Supplied material
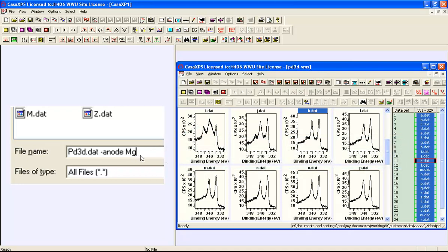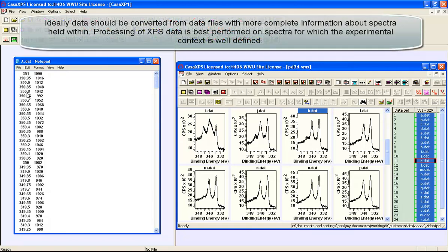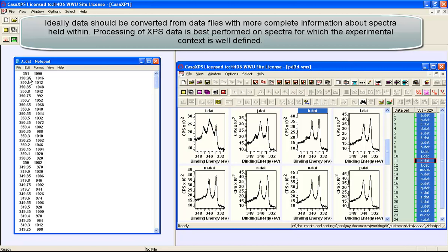When they are converted, the two columns of data that represent the binding energy and the intensity, and these are all at a uniform increment in the binding energy, are then read.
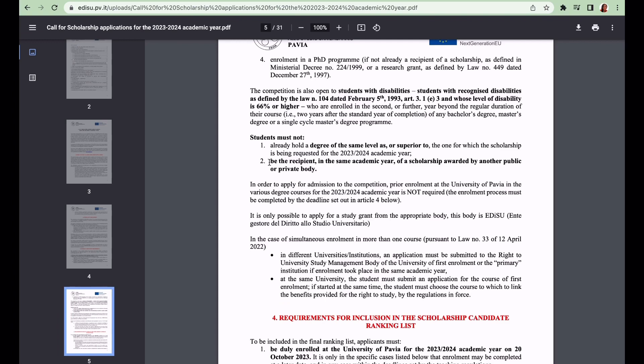It doesn't mean you cannot come and study - you can come and study but you cannot get access to this benefit. You also cannot be a recipient in the same academic year of another scholarship awarded by a public or private body. So if you want the MIUR scholarship, Invest Your Talent in Italy scholarship, or other ones, you cannot apply for this scholarship.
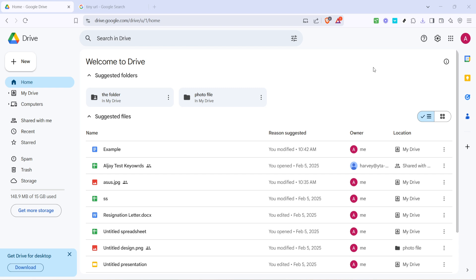After selecting your file, you'll want to click on the share button. You'll usually find this icon at the top right corner of your screen once a file is selected.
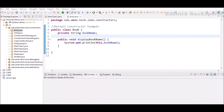The first type is the default constructor. We can have Java classes written without any constructor inside them, because if we do not provide any constructor, the Java compiler will automatically add the default constructor to the class bytecode. In this example we have a class Book with one instance variable — bookName — and a display method that does not return anything.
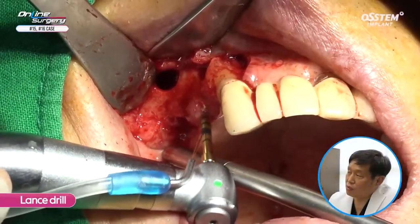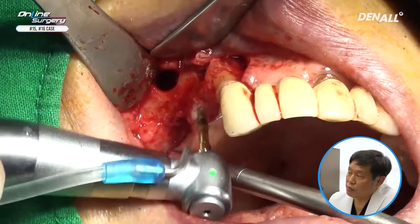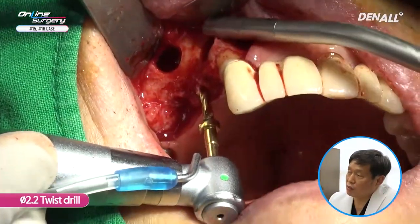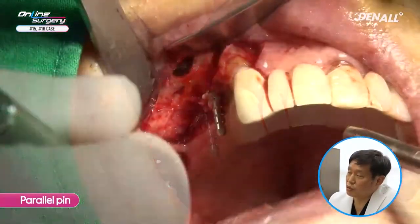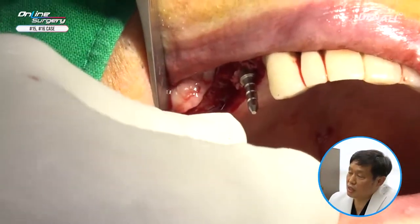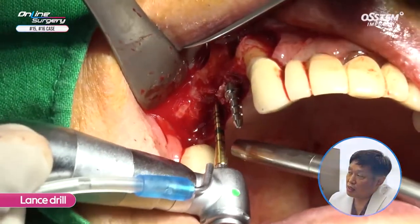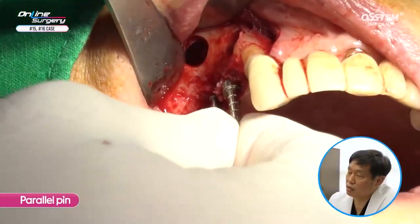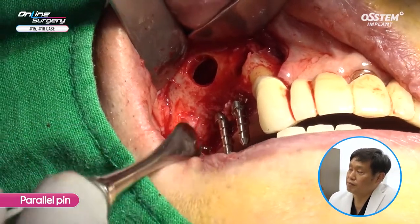A lens drill is used. You're in the desired position. In number 15, the drilling position is checked. The 2.2 twister drill is used, and you can see it's connected to the sinus floor. A parallel pin is used to check the position and the relation with the antagonist. In order to find the position, I'm repositioning the crown of the existing implant. A parallel pin is placed, and I'm considering the position and form of the mesial implant.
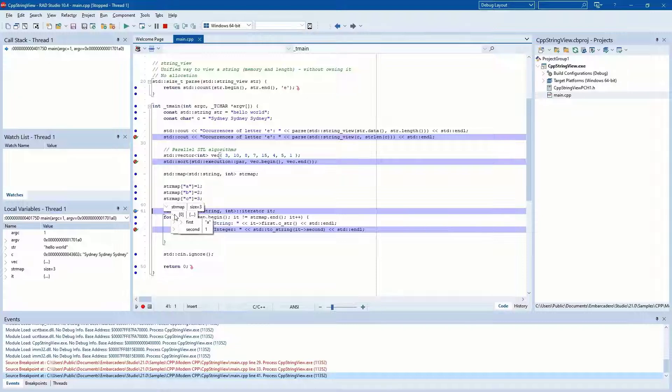This is done through LLDB formatters, and we ship formatters for many types, including VCL Unicode and ANSI strings including UTF-8, shared pointer, std vector, deque, and map.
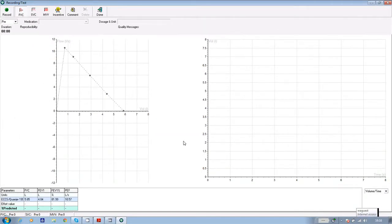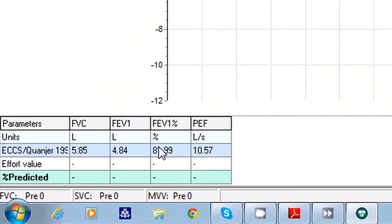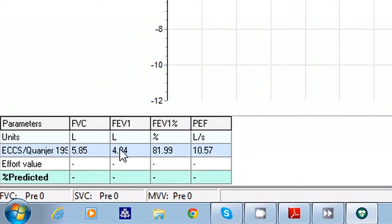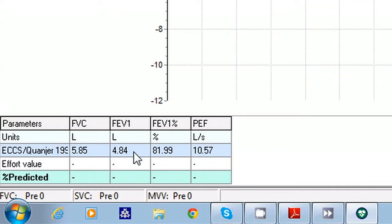The screen changes to show the predictive norms for the patient based on the information you've given the software for FVC, FEV1, the ratio, and PEF or peak flow. But first click on SVC at the top of the screen. This stands for slow vital capacity or relaxed VC, and this is the first test you're going to ask the patient to perform.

Task objective
Would you give the entries above again verbatim, omitting the images they contain?

Output of the exercise
When they are converted, the two columns of data that represent the binding energy and the intensity, and these are all at a uniform increment in the binding energy, are then read.
It doesn't mean you cannot come and study - you can come and study but you cannot get access to this benefit. You also cannot be a recipient in the same academic year of another scholarship awarded by a public or private body. So if you want the MIUR scholarship, Invest Your Talent in Italy scholarship, or other ones, you cannot apply for this scholarship.
After selecting your file, you'll want to click on the share button. You'll usually find this icon at the top right corner of your screen once a file is selected.
The first type is the default constructor. We can have Java classes written without any constructor inside them, because if we do not provide any constructor, the Java compiler will automatically add the default constructor to the class bytecode. In this example we have a class Book with one instance variable — bookName — and a display method that does not return anything.
A lens drill is used. You're in the desired position. In number 15, the drilling position is checked. The 2.2 twister drill is used, and you can see it's connected to the sinus floor. A parallel pin is used to check the position and the relation with the antagonist. In order to find the position, I'm repositioning the crown of the existing implant. A parallel pin is placed, and I'm considering the position and form of the mesial implant.
This is done through LLDB formatters, and we ship formatters for many types, including VCL Unicode and ANSI strings including UTF-8, shared pointer, std vector, deque, and map.
The screen changes to show the predictive norms for the patient based on the information you've given the software for FVC, FEV1, the ratio, and PEF or peak flow. But first click on SVC at the top of the screen. This stands for slow vital capacity or relaxed VC, and this is the first test you're going to ask the patient to perform.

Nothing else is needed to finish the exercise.